DISCLAIMER
This procedure is unsupported by Replicated Support and only to be followed by knowledgeable experts. It solely serves as advice on how to perform a specific Linux/Kubernetes base technology task
If you realize that your Kubernetes clusters volumes have ran out of diskspace and pods might even be crashlooping because of this, causing an outage, then resizing your Ceph volumes is the way to fix this.
How-To
A note of importance before starting with tasks like the following is to be sure you have a proper backup or snapshot of the environment. Should anything fail or become unavailable.
Once you have determined the volume(s) that are in need of a resize and what their desired new size needs to be, make a note of them in your favorite editor and continue with the below steps:
- To determine which volume(s) need to be resized, you can run the following command.
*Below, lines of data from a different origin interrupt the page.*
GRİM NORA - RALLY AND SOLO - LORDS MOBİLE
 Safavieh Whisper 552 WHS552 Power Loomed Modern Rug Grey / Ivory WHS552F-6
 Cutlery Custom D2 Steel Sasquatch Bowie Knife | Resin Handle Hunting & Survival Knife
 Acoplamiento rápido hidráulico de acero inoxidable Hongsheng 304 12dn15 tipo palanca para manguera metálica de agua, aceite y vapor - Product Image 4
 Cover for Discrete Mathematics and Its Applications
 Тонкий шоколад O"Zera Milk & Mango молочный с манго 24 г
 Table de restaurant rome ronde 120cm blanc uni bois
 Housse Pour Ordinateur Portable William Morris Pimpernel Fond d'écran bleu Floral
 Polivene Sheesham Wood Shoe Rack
This will also allow you to take notes of the volumes for further use in this how-to:
Get an overview of the current persistent volumes by running: cat /etc/mtab | grep pvc
:
# cat /etc/mtab | grep pvc
/dev/rbd0 /var/lib/kubelet/pods/844f4c70-3d8d-4688-872c-c0220c5de54a/volumes/kubernetes.io~csi/pvc-8f9199e9-539e-483e-b2e3-6ebf2098055d/mount ext4 rw,relatime,stripe=16 0 0
/dev/rbd0 /var/lib/kubelet/pods/844f4c70-3d8d-4688-872c-c0220c5de54a/volume-subpaths/pvc-8f9199e9-539e-483e-b2e3-6ebf2098055d/prometheus/2 ext4 rw,relatime,stripe=16 0 0
As this persistent volume is mounted at /dev/rbd0
, check with df
to see how they are used:
df -h /dev/rbd0
# df -h /dev/rbd0
Filesystem Size Used Avail Use% Mounted on
/dev/rbd0 10G 7.7G 2.3G 4% /var/lib/kubelet/pods/844f4c70-3d8d-4688-872c-c0220c5de54a/volume-subpaths/pvc-8f9199e9-539e-483e-b2e3-6ebf2098055d/prometheus/2
This now identifies, that this volume would need to be resized to accomodate future growth.
-
Next, Create a direct mount deployment by running
kubectl apply -f https://raw.githubusercontent.com/rook/rook/v1.5.12/cluster/examples/kubernetes/ceph/direct-mount.yaml
If you are running an airgapped environment, you can achieve the same by performing the following steps:
1a.wget https://raw.githubusercontent.com/rook/rook/v1.5.12/cluster/examples/kubernetes/ceph/direct-mount.yaml
1b.kubectl apply -f direct-mount.yaml
-
Then, we need to find the volume that needs to be mapped by retrieving the CSI Volume information. This can be done by describing the PV as follows:
kubectl describe pv <pv-name> | grep csi-vol
which will then output:# kubectl describe pv pvc-8f9199e9-539e-483e-b2e3-6ebf2098055d | grep csi-vol imageName=csi-vol-aec05168-409f-11ed-b64d-666f68140e1c
-
So, In this example we’ve determined that the CSI volume is:
csi-vol-aec05168-409f-11ed-b64d-666f68140e1c
-
Next, find out what the pod name is for the direct mount pod by running:
# kubectl get pods -n rook-ceph | grep rook-direct-mount
rook-direct-mount-797978954-n9mb5
-
Next, Exec into the direct mount pod by running:
kubectl exec -it rook-direct-mount-797978954-n9mb5 -n rook-ceph -- bash
-
Then, we expand the desired PVC with
rbd --pool=replicapool resize csi-vol-aec05168-409f-11ed-b64d-666f68140e1c --size=20Gb
-
The next step is to map the RBD in the Direct Mount pod -
rbd map replicapool/csi-vol-aec05168-409f-11ed-b64d-666f68140e1c
-
This will also print the new value for
/dev/rbd<N>
that can be used in the next step(s). -
Following up, the rbd now needs to be mounted, so we can resize the filesystem
mount /dev/rbd<N> /mnt
If your volumes have ran out of space and resizing them is a follow up task, you will need to run fsck with fsck /dev/rbd<num>
NOTE: This will allow you to recover, but if fsck is needed, potential data loss may have already occurred.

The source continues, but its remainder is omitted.